Pictures with short captions:
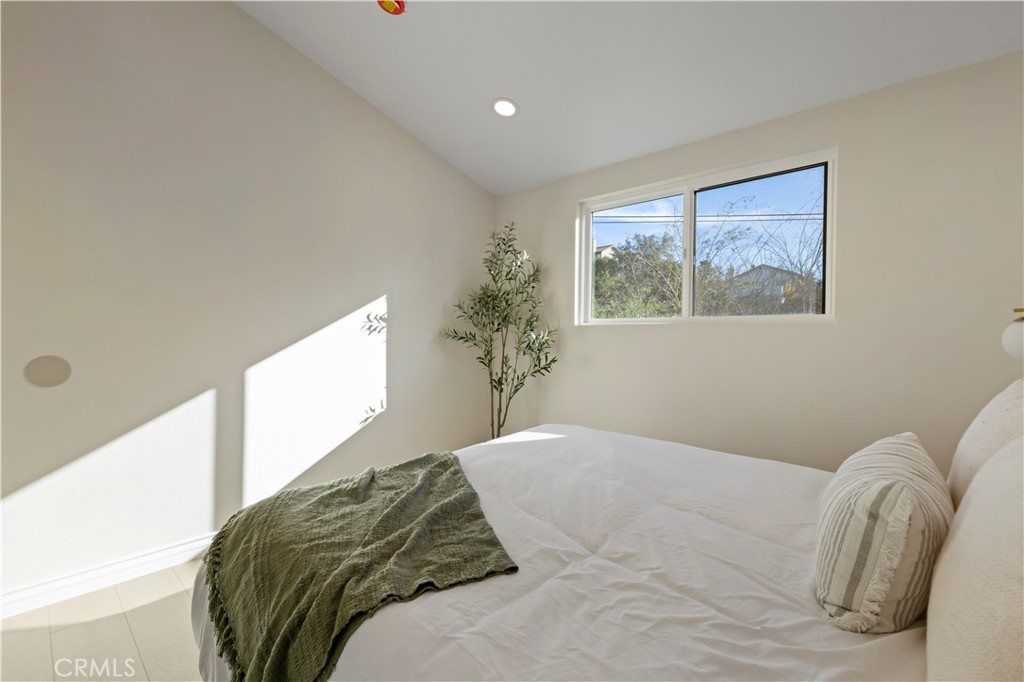 Shangri-La (1987/88) (SHLA) - Residential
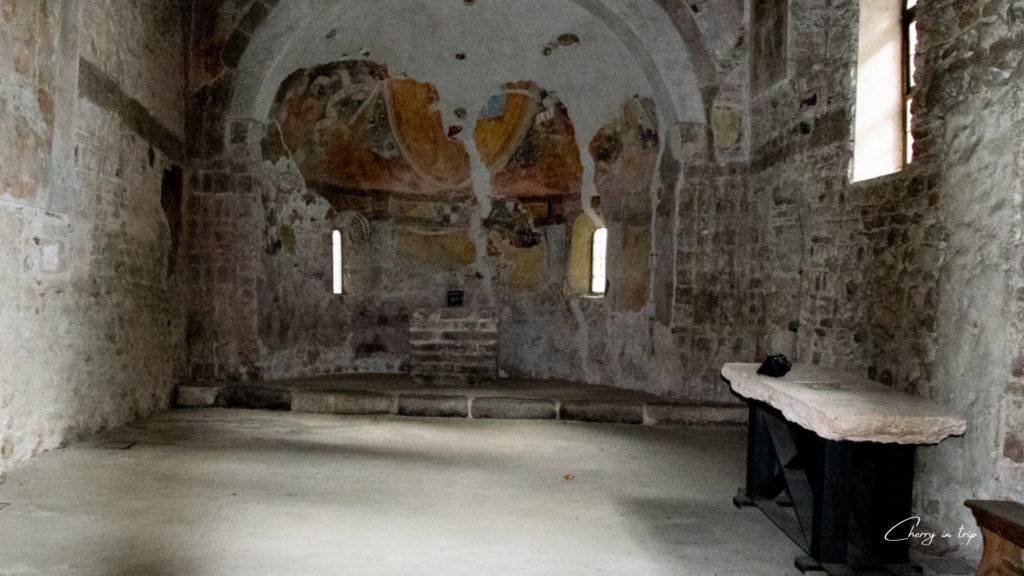 Chiesa romanica interno - Fiera Primiero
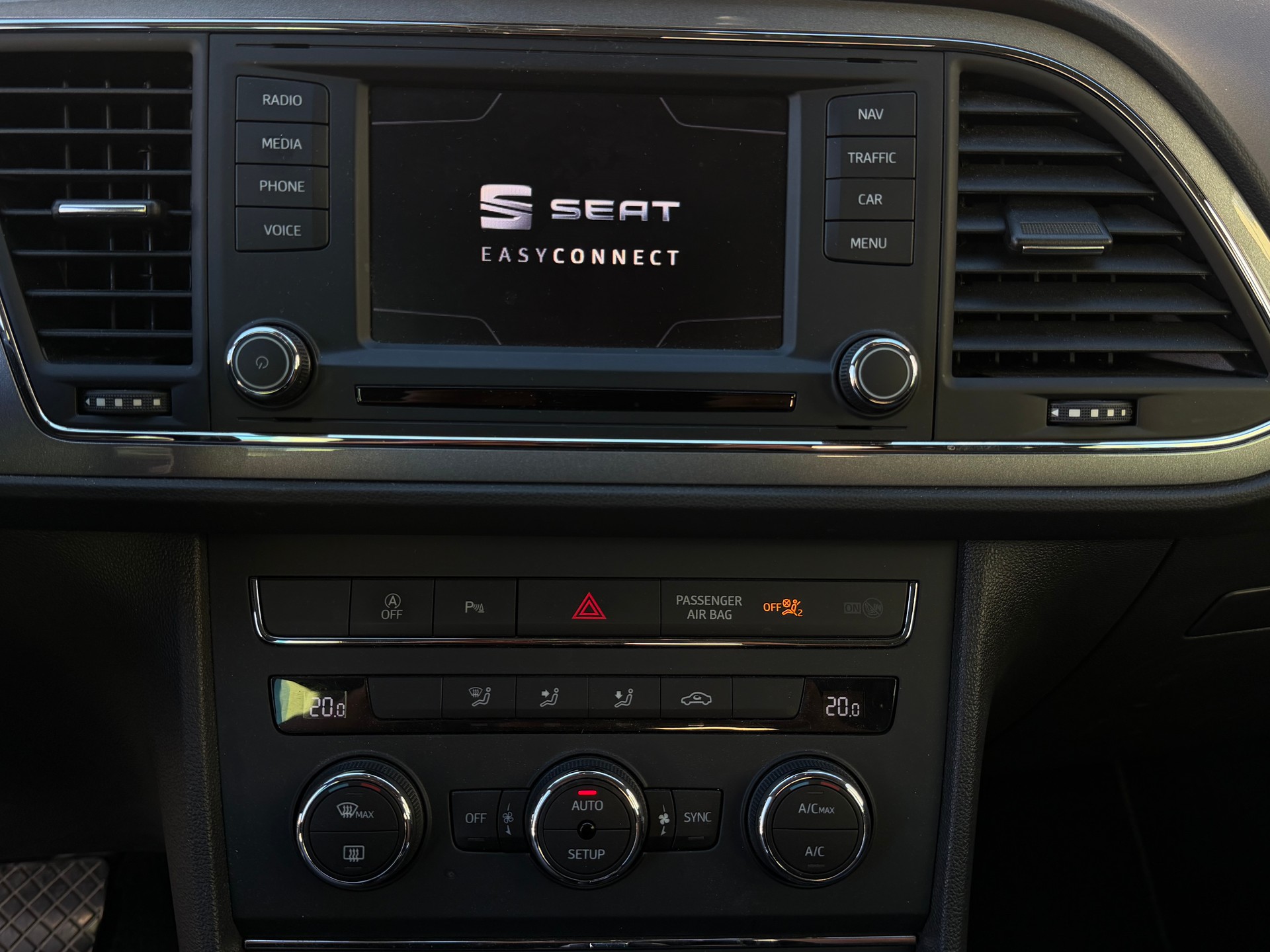 SEAT Leon 1.2 TSI Style ITECH DSG *Ab MFK&Service*ITECH Edition*8-Fach Räder*CH-FHZ*-image-12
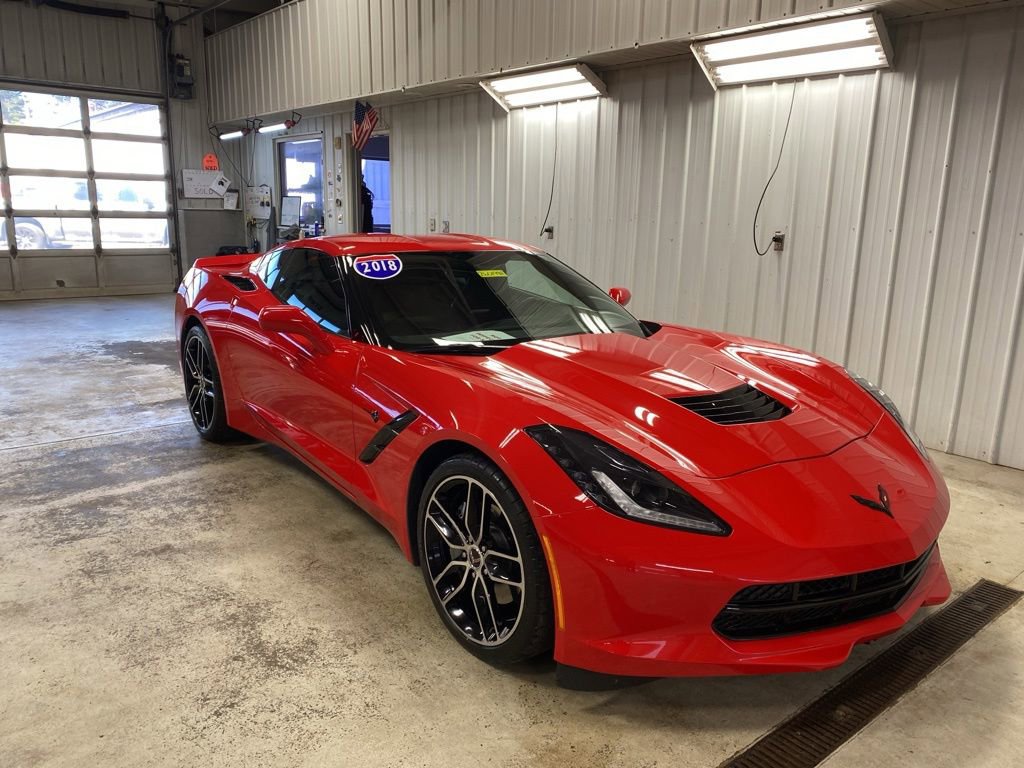Used 2018 Chevrolet Corvette Stingray Coupe w/ Carbon Flash Badge Package RWD image 3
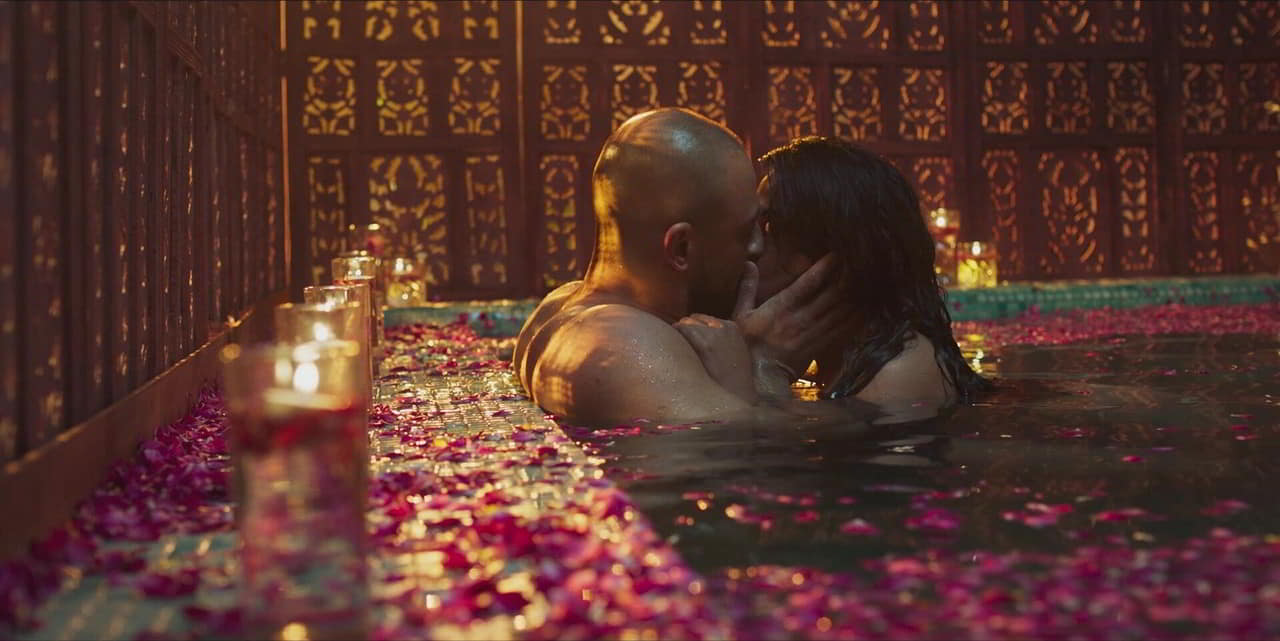 Karishma Tanna, Richa Chadha nude scene in Lahore Confidential Karishma Tanna, Richa Chadha nude scene in Lahore Confidential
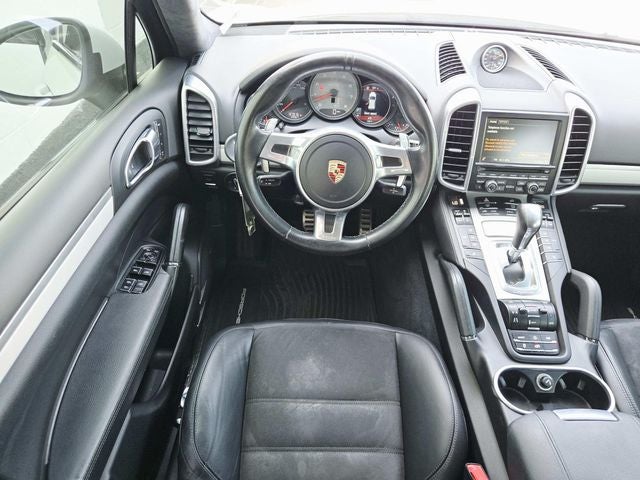2014 Porsche Cayenne GTS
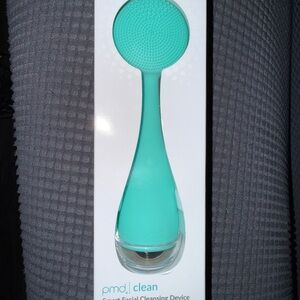 PMD Aqua Cleanser & Exfoliant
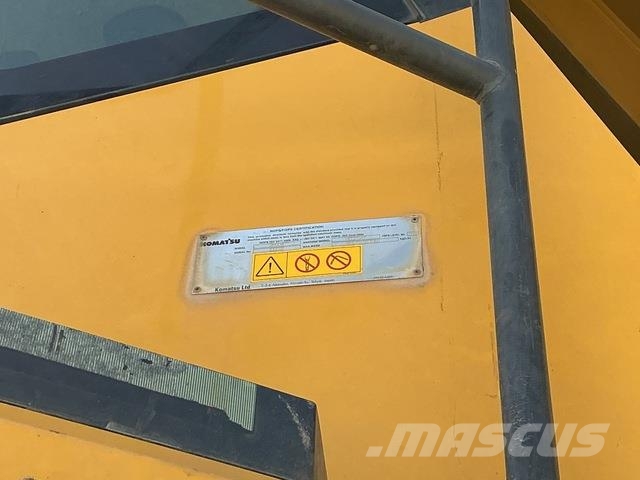 Komatsu HD325-7 Karjeriniai savivarčiai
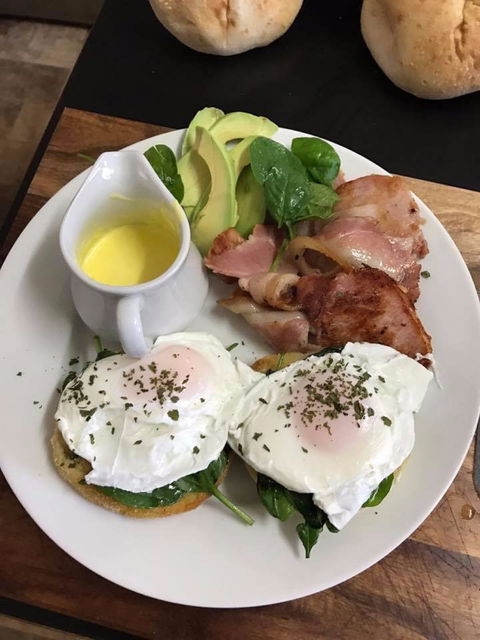 Wafflin On Cafe - Accommodation Europe 1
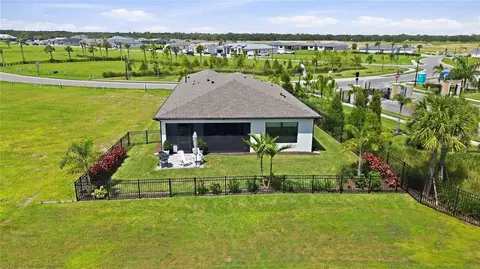 Exterior - 14449 Hammock Oak St, Parrish, FL 34219 photo 16 of 25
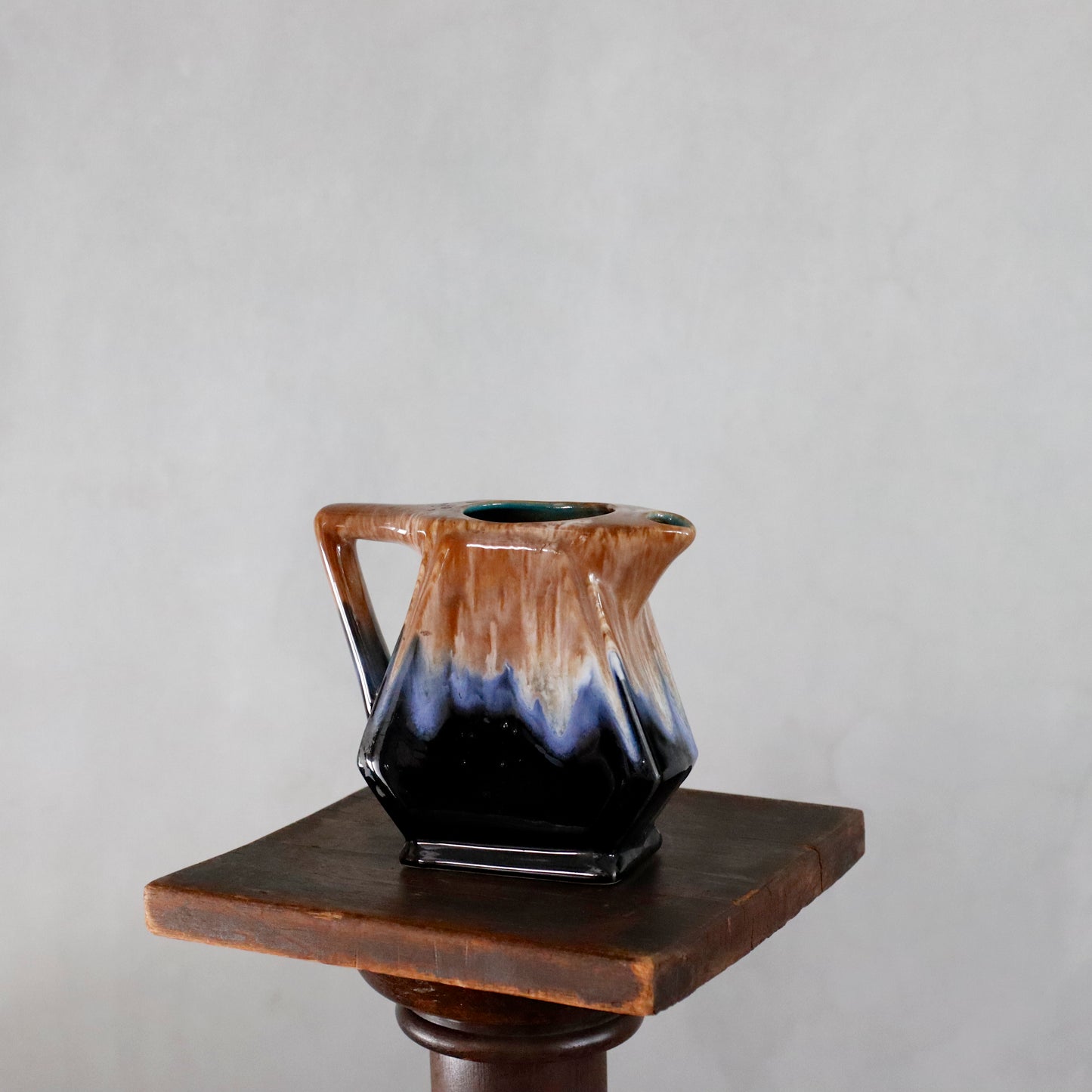VINTAGE | Marble Rectangle Pitcher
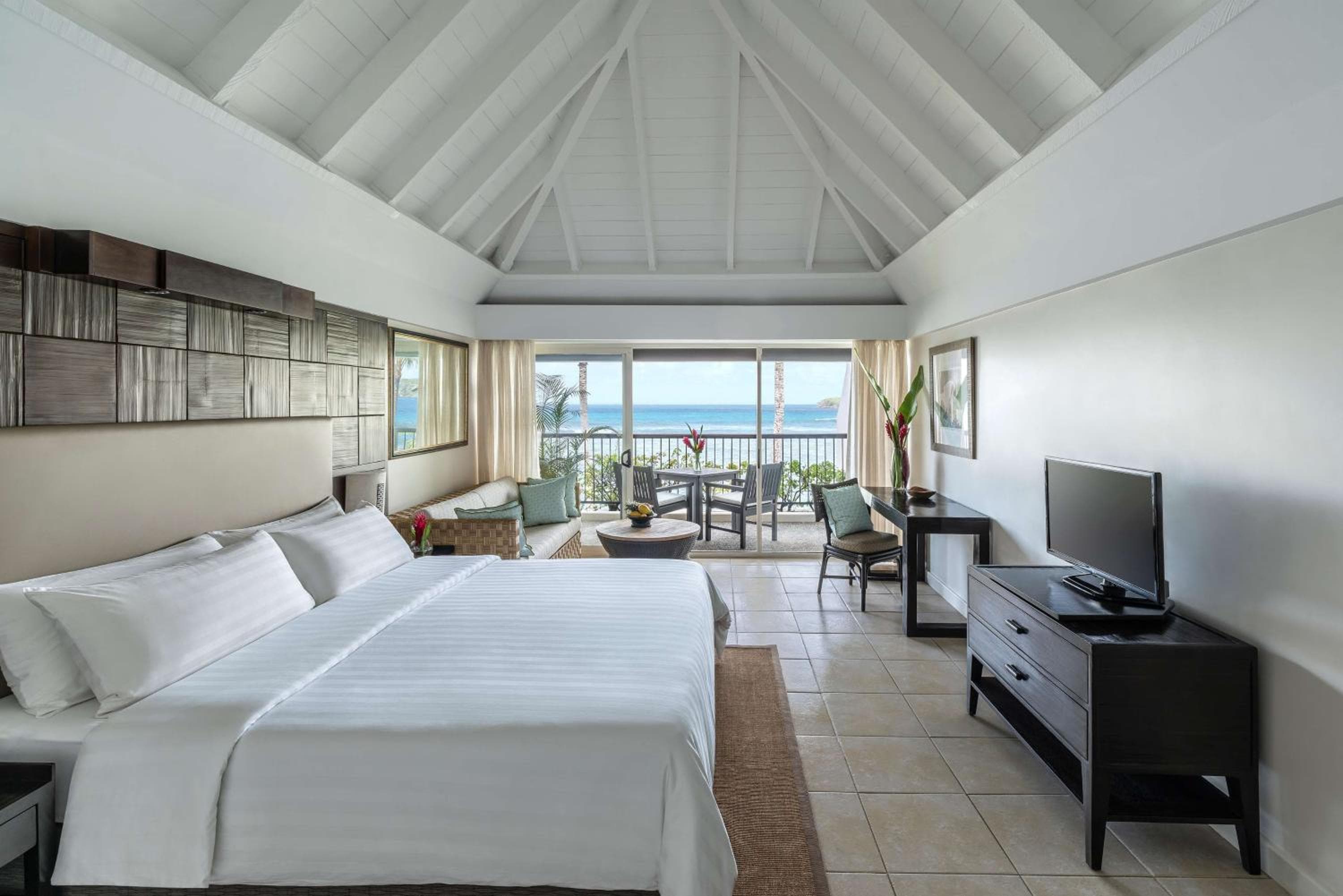 Ocean Terrace King Room at Shangri-La Yanuca Island, Fiji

• **What you are asked to do**
Transcribe exactly the lines from the one with "Lahore Confidential Karishma" to the last line of the records, both included, so that no picture appears in the copy.

• **Response below**
 Karishma Tanna, Richa Chadha nude scene in Lahore Confidential Karishma Tanna, Richa Chadha nude scene in Lahore Confidential
2014 Porsche Cayenne GTS
 PMD Aqua Cleanser & Exfoliant
 Komatsu HD325-7 Karjeriniai savivarčiai
 Wafflin On Cafe - Accommodation Europe 1
 Exterior - 14449 Hammock Oak St, Parrish, FL 34219 photo 16 of 25
VINTAGE | Marble Rectangle Pitcher
 Ocean Terrace King Room at Shangri-La Yanuca Island, Fiji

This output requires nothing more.